Eventually, the bubbling conversation began to settle as eyes drew to a lanky man with tousled graying hair striding to the front of the room. The room fell completely silent, students leaning forward expectantly while recognition lit up their faces.

Children’s book author, Phil Bildner, visited Book Club members in early November to share his experiences and pass down the knowledge he has acquired in his lifetime. Bildner started off with an oldie-but-a-goodie slice of knowledge.

Ivy Hansen
Phil Bildner, children’s author, imparted one last piece of wisdom that originates from Rudine Sims Bishop, Professor Emerita of Education at The Ohio State University, for the Book Club members before closing out. “It’s so important when reading books, we need to see ourselves in books. For us, books need to be mirrors, they need to be reflections of who we are. We need to be able to relate to the characters, the events, the setting, the scenes, all those things in books,” Bildner said.

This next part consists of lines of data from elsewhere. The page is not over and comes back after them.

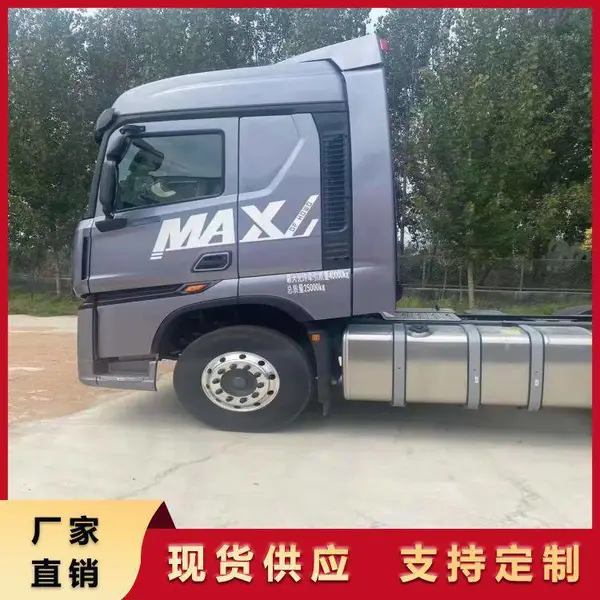 豪沃MAX重卡牵引车 节省油耗智能换挡低阻轮胎厂家直供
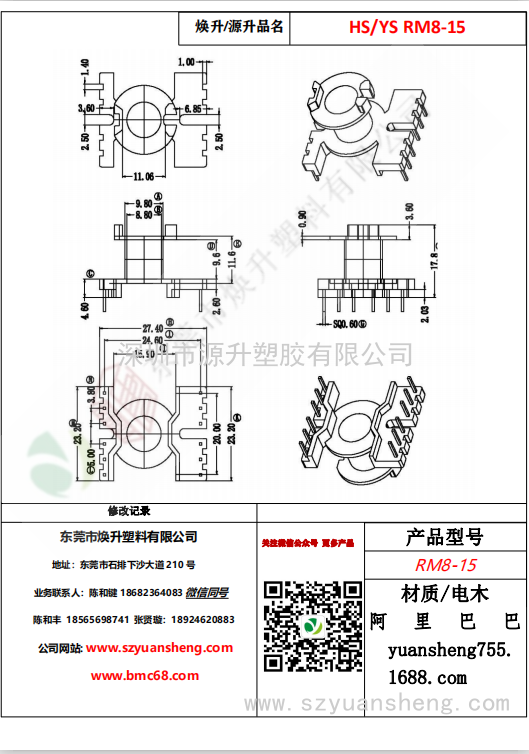 微信圖片_20200714165955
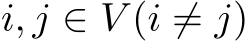  i, j ∈ V (i ̸= j)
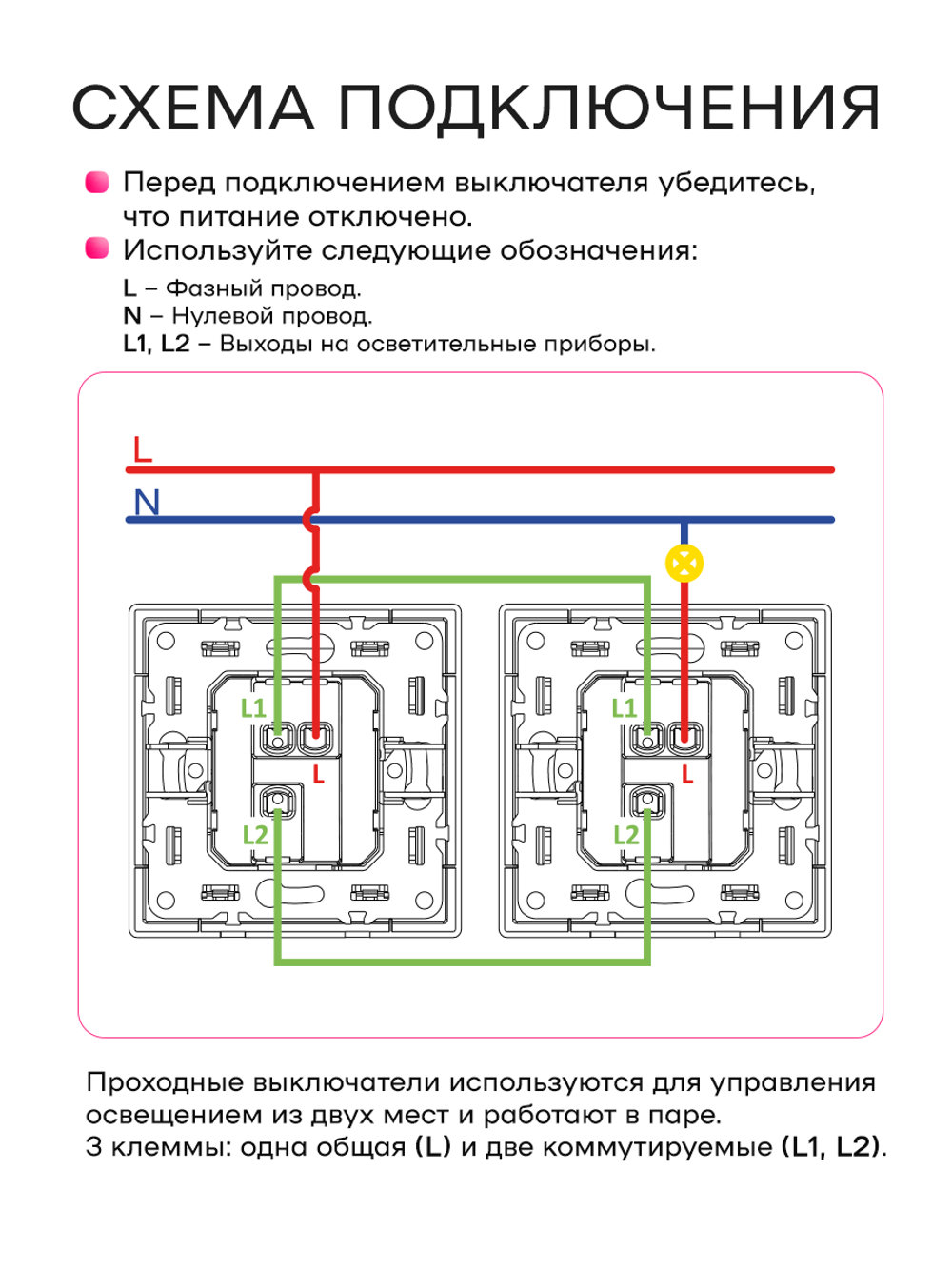 Выключатель проходной одноклавишный серый 2 шт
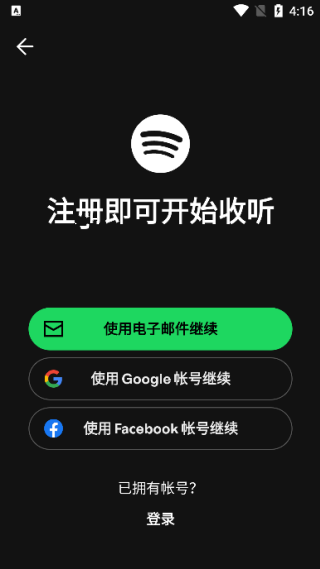 Spotify音乐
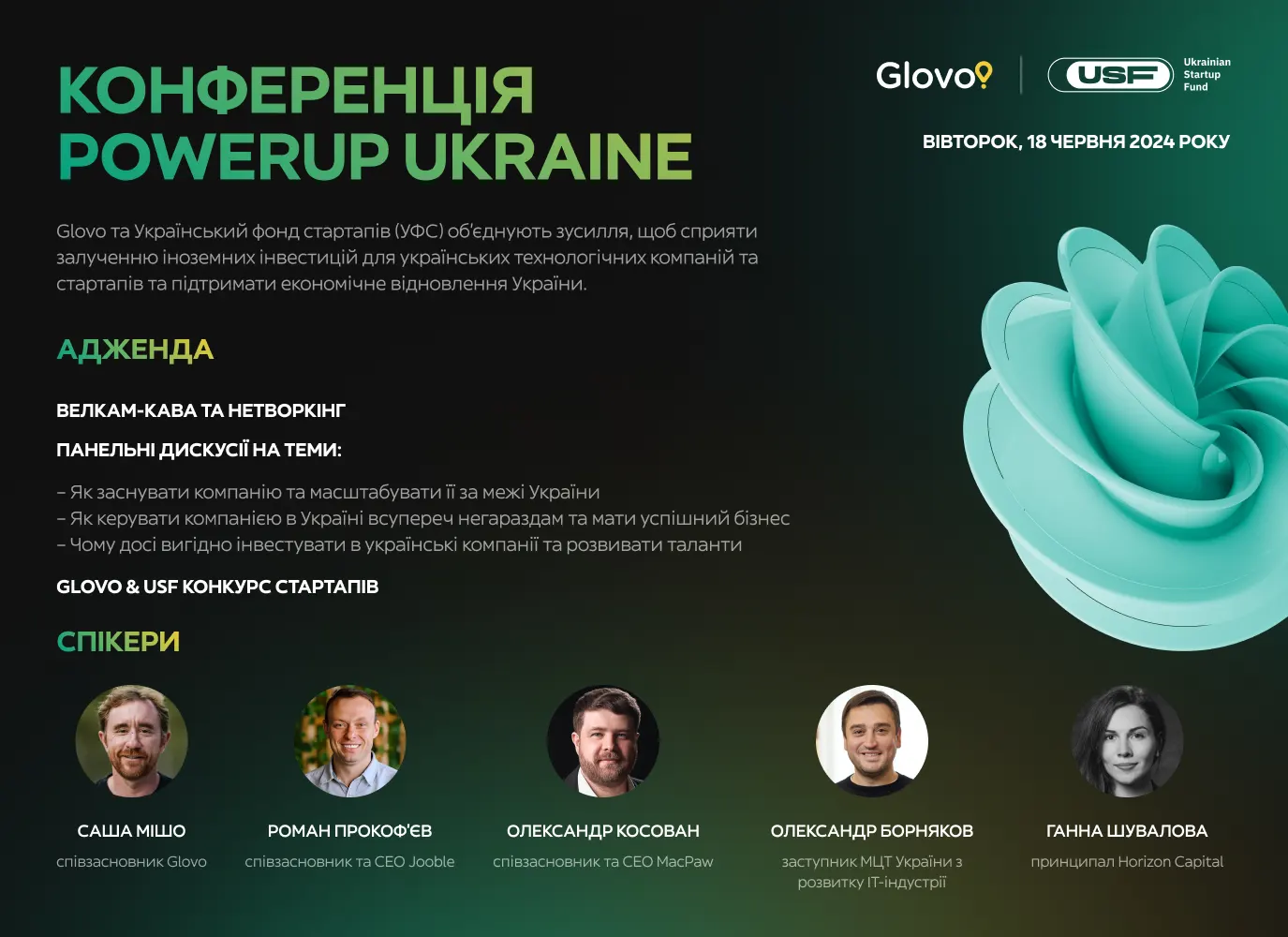 У Києві відбудеться технологічна конференція PowerUp, яку організовують Glovo та Український Фонд Стартапів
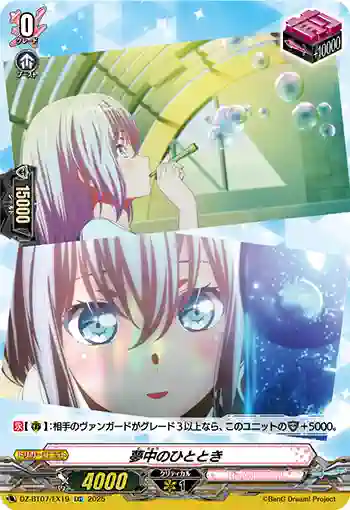 DZ-BT07/EX19 夢中のひととき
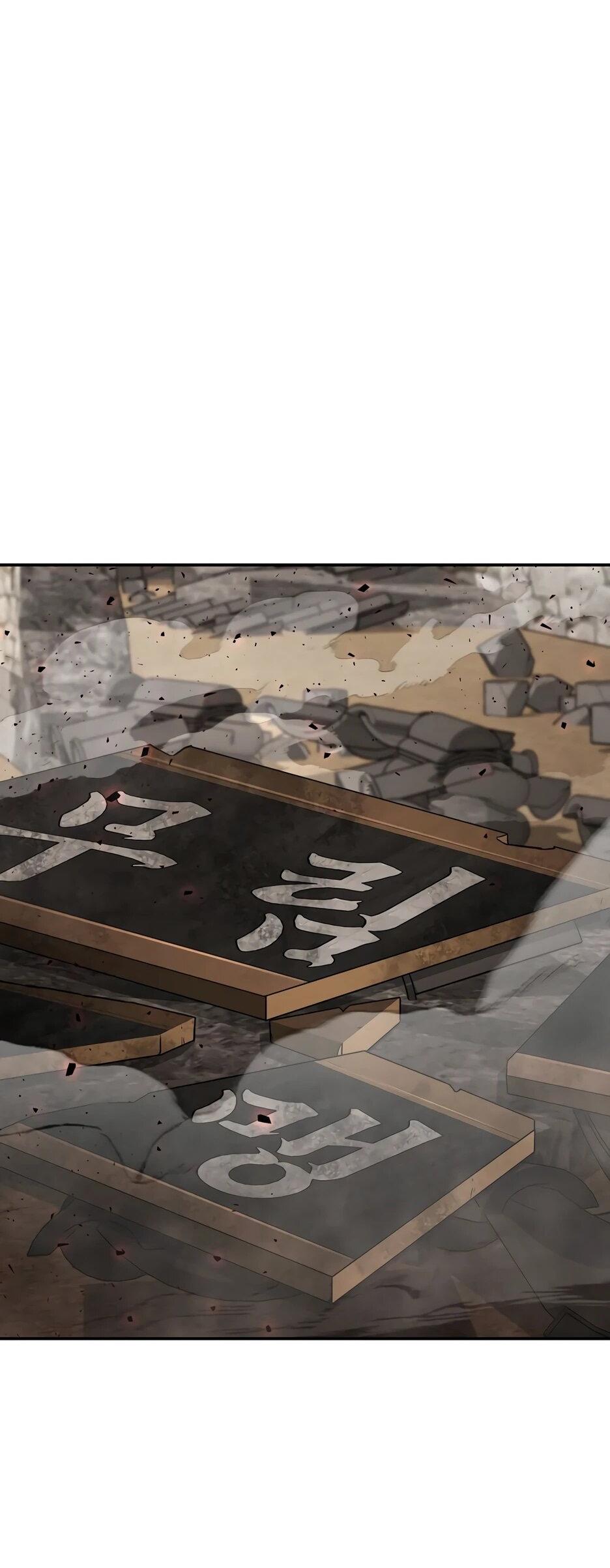 Манга Лучший в мире трактир Куньлунь - Глава 111 Страница 3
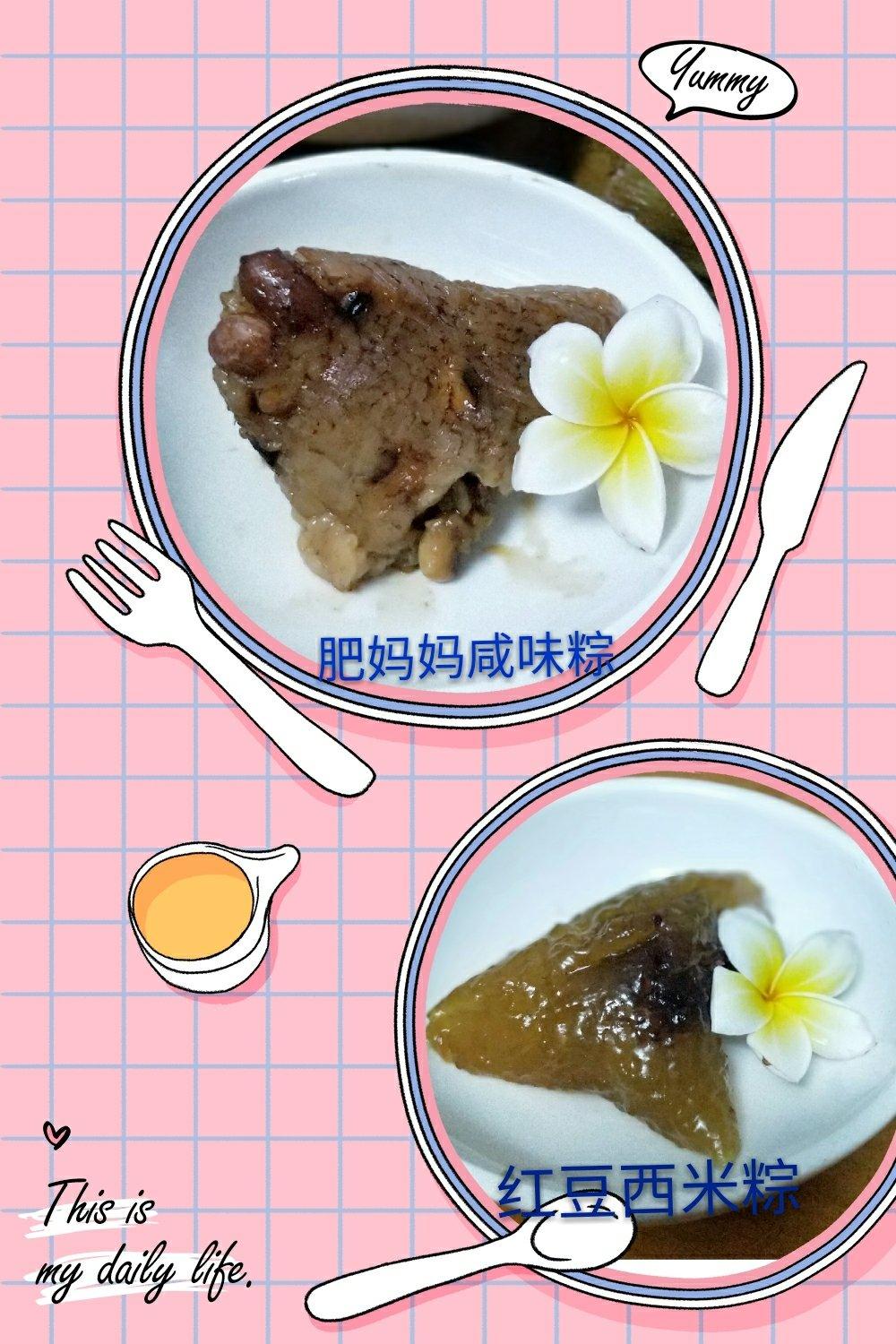 西米水晶粽子【曼食慢语】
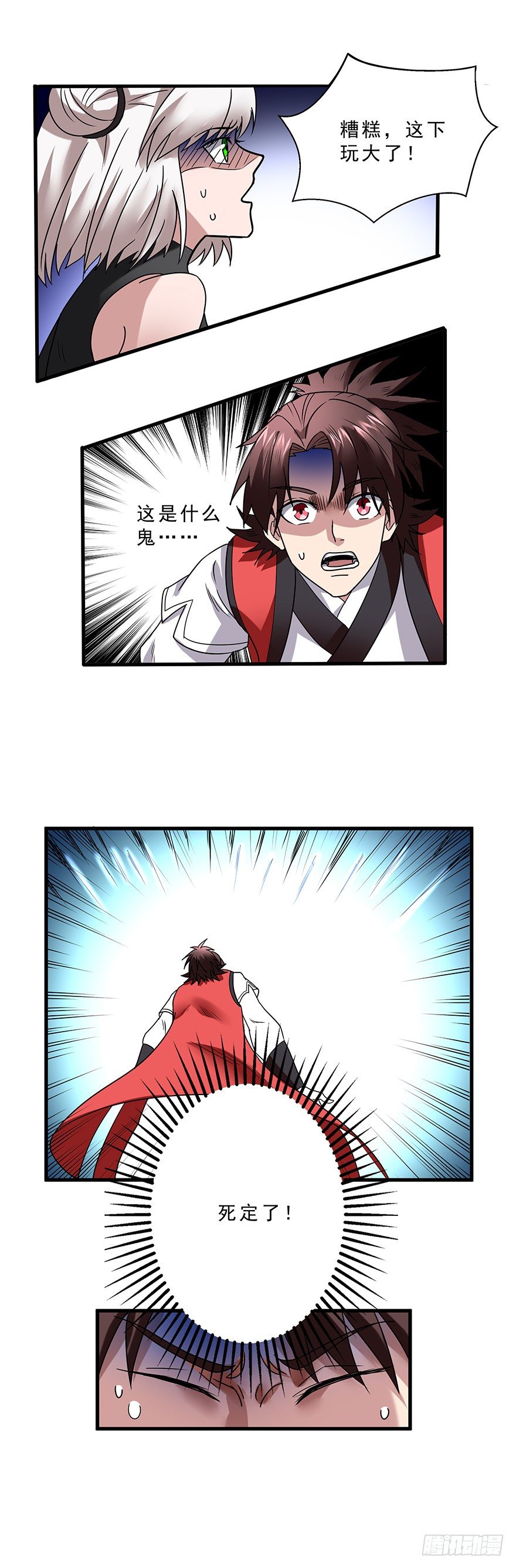 第27话 万灵剑遁-第27话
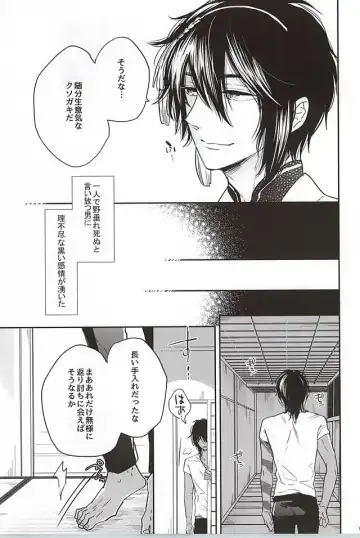 [Fujimako] SLY DOG Fhentai - Page 4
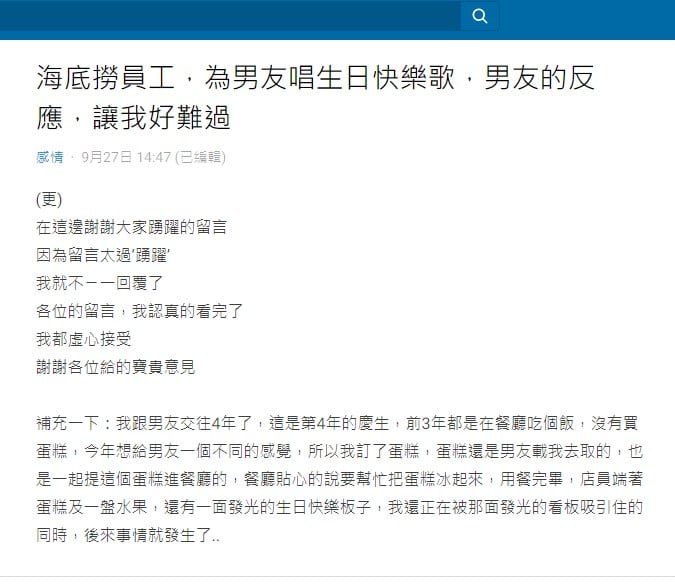 海底捞店员帮庆生唱生日歌·被寿星大骂：不要唱！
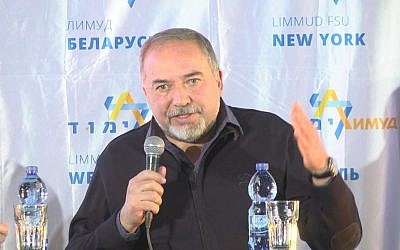 Defense Minister Avigdor Liberman speaks at a Limmud FSU conference in Eilat, December 15, 2016. (Limmud FSU)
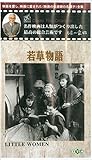 若草物語【字幕版】(淀川長治 名作映画ベスト&ベスト) [VHS]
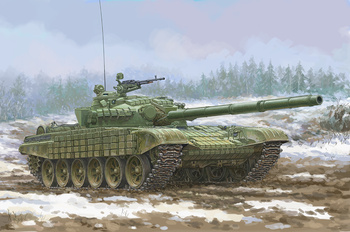 TRUMPETER 09602 T-72 Ural z opancerzeniem reaktywnym Kontakt-1 1/35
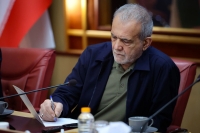 پیام پزشکیان از ‏آنچه تفاهم شده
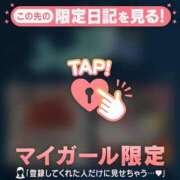 ヒメ日記 2025/09/10 21:07 投稿 あゆ Lips Plus（リップスプラス）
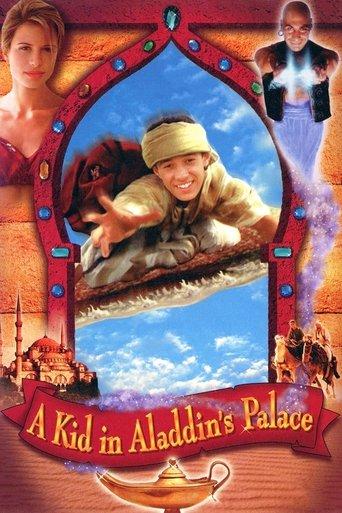 A Kid in Aladdin's Palace film afişi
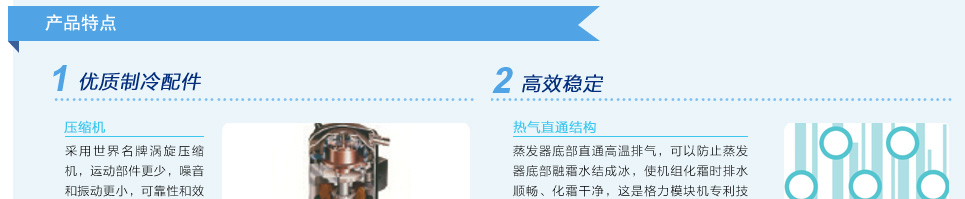 模塊化風冷冷(熱)水機組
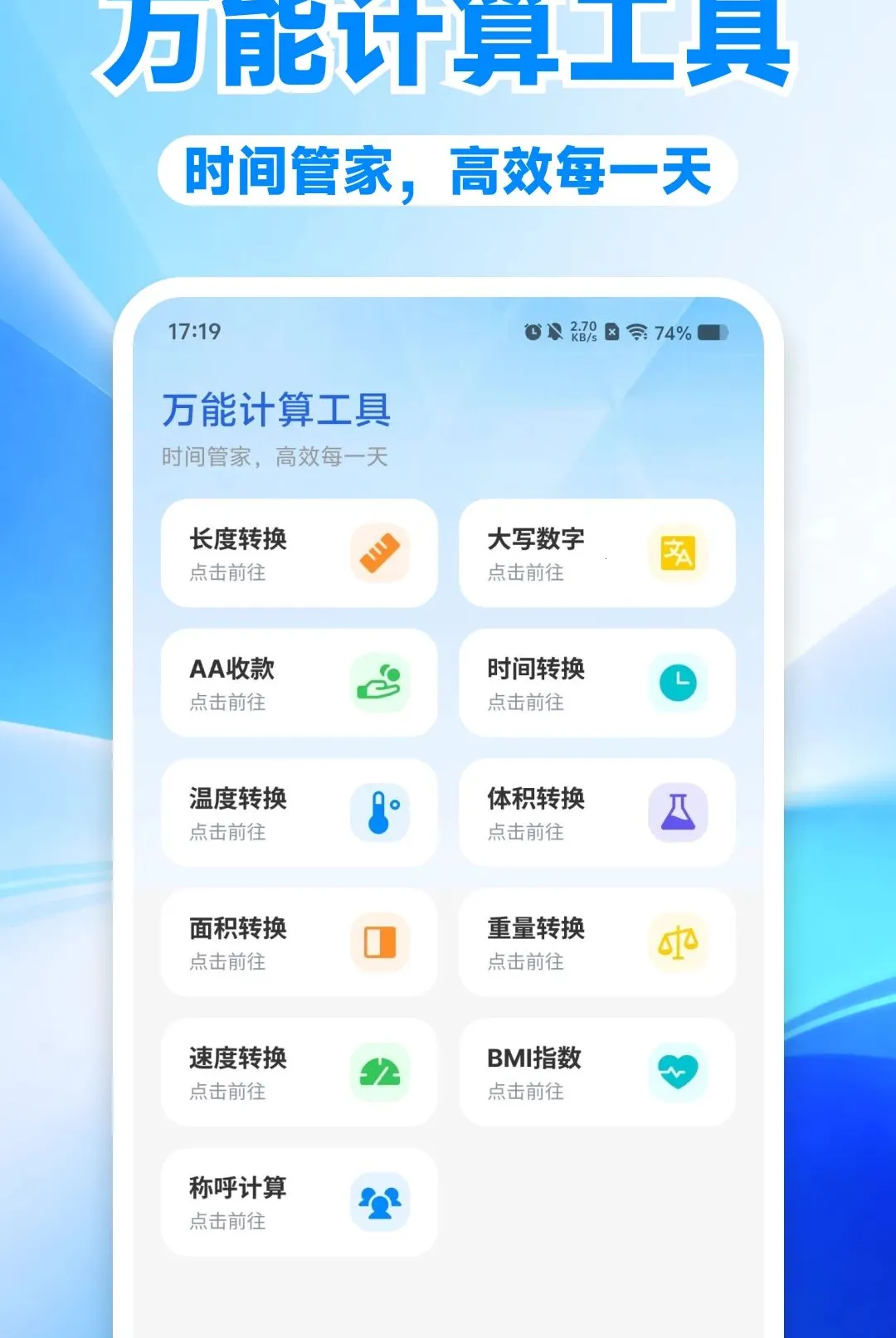 ʱ�����Ӱ�׿��(ʱ���������)v1.0.0 �ٷ������ͼ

“The key to a good writer is you have read, you have read a lot. Read whatever you want. Reading is not a choice, what you read is your choice. Feed your head with the words, the things that you want,” Bildner said. “I also would recommend challenging yourself. Try a new genre, try a new author, experiment with something because you never know when you’ll discover a whole new genre or author you didn’t even know existed,” he added.

He continued, talking of his origins as a middle school teacher in New York City Public Schools, first in the Bronx for five years and then Manhattan for six years. However, the difficulty of teaching only increases when short on necessary classroom supplies. So, Bildner displayed his ingenuity by instead teaching the children using song lyrics and asking for supplies from friends.

“When I first started teaching in the 1990’s, I didn’t have books for the classroom, we didn’t have a copy machine, we didn’t have any materials. So, I would hit up my friends for materials for the classes and I taught my students to read using the lyrics of my favorite songs. We’d all read them as vocabulary words, and they were the launching points of our writing lessons. That’s how we learned about history or current events, through the use of these words,” Bildner said.

Ivy Hansen
Children’s book author, Phil Bildner, visited Book Club members to share his experiences and pass down the knowledge he has acquired in his lifetime. As a retired middle school teacher and founder of The Author Village, he had much to share in terms of advice for aspiring creators of all mediums. “Your words are a powerful thing. You never know how what you say, what you create, what you text, what you email, where it’s going to end up. So, you always got to be mindful and you never know the one moment where something you created could impact people,” Bildner said.

In this instance, he recognized the opportunity to address an issue with a solution outside-of-the-box, a trait he promotes in all creators alike from pencil to paintbrush to camera.

“As writers and as artists, we must see the things that others don’t. Sometimes, some of the coolest things in life are staring you right in front of your face and you don’t even realize it,” Bildner said.

He also encouraged his students in their interests, not merely grading their work, but rather providing feedback and comments on their work as well.

“When I was teaching sixth grade and eighth grade we would do writing assignments [because] you had to get kids’ grades; but also, we would write in journals. And when kids write in journals, I would never grade the journals, I would just offer feedback. You want to encourage a kid—the kid likes art, or the kid likes to sing, dance, draw, paint, you want to encourage it,” Bildner said.

Both as a former teacher and a full-time writer himself, Bildner realizes the impact he can make on others.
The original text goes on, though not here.